If a vendor can push code, administer identities, access data, change security settings, or disable protections, that vendor holds real authority inside your environment.
For one company, the task is to understand what each supplier can do and whether that power can be constrained. For insurers, the concern is larger. If many insured organizations depend on the same concentrated vendors, one supplier compromise can create correlated losses across a portfolio.
That is the aggregation risk insurers fear.
Architectures that reduce concentrated vendor authority are therefore not only better security. They are better insurance risks.
If no single vendor, tool, or administrator can exercise unchecked authority, the company has reduced the chance that one upstream compromise becomes a catastrophic downstream claim.
AI makes this urgent
AI increases the cost of weak authority models.
AI writes code, generates scripts, suggests configurations, processes sensitive data, and increasingly acts through connected tools. AI agents will not only recommend actions. They will execute them.
Insurers do not yet have a complete model for pricing AI risk. Nobody does.
But the control principle is already clear. Reduce the authority any one AI system can exercise, and make every agent accountable to a defined owner, role, and policy.
An AI agent should not become a magic super-admin. It should operate inside bounded authority, just like a person should. Preferably, that authority should not be static power sitting in the agent at all. It should emerge only when the right conditions are met.
That is how organizations can adopt AI without turning every automation into a new insurance exposure.
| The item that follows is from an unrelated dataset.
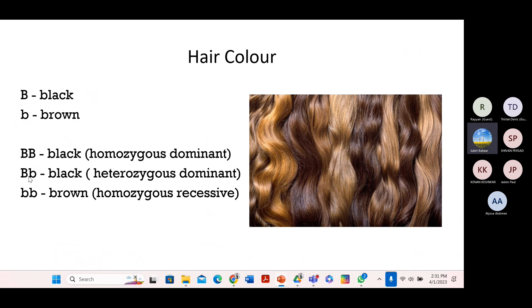Now let's look at the second one. You could also have a capital and a lowercase, meaning they have two different alleles. Because it's different alleles, we call it heterozygous dominant. Dominant because this capital B overpowers or overshadows the small b. So only the capital B will be expressed; the lowercase b, which is recessive, is dormant — it remains silent. That is why the person will still have black hair, even though they carry a brown allele. That's a unique case when someone has two different alleles.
How to prepare for the next renewal
The next renewal should be used to separate claims from proof.
For each major control, security leaders should be able to show three things.
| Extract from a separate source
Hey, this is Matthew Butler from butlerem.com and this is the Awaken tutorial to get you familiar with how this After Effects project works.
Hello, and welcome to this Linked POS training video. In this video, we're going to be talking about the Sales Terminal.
- Where the control is deployed.
- What loss scenario it is meant to prevent.
- Whether the control can be verified as enforced.
That framing is more useful than another long evidence pack.
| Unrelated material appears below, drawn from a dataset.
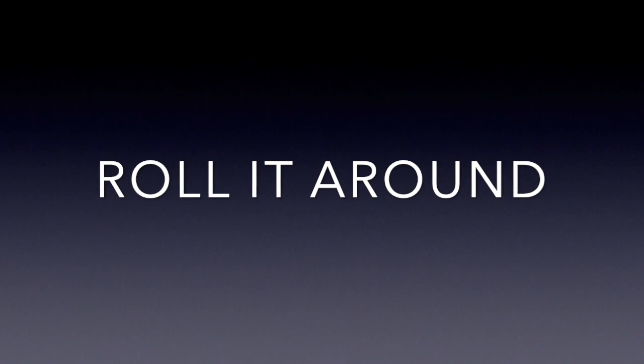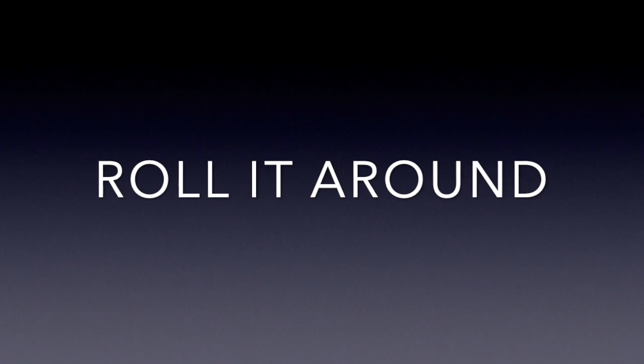Rollin' around, yeah, take it nice and easy. Rollin' around, yeah, like you know how to please me. And if you wanna take it more slowly.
Instead of saying the organization has privileged access management, show that no single administrator, account, or vendor can unilaterally exercise critical authority.
Instead of saying the organization has immutable backups, show that production compromise does not compromise recovery.
Instead of saying AI use is governed, show that AI agents have bounded authority and accountable owners.
The language is shifting from control existence to loss prevention.
That is the language underwriters understand.
Cyber insurance is becoming a proof market
Cyber insurance is moving away from annual declarations and toward continuous assurance.
Once control integrity can be proven live, the annual questionnaire becomes less important. Security posture becomes a signal. That signal can be monitored, priced, and recognized.
The old model created too much ambiguity. The insured declared a control. The insurer priced the risk. Months later, after an incident, everyone discovered whether the control was real enough to matter.
That model is being replaced because it has to be.
Insurers need clearer signals. Brokers need stronger ways to distinguish clients. Security teams need their real risk reduction to be recognized commercially. Boards need to know whether security spend is reducing loss, not just satisfying a form.
This is the practical significance of Tide's work with Becco. It shows how cyber insurance can start rewarding provable control architecture rather than the longest checklist.
The companies that adapt will be easier to understand, easier to price, and easier to insure.
The winners will be the organizations whose controls can be verified by design.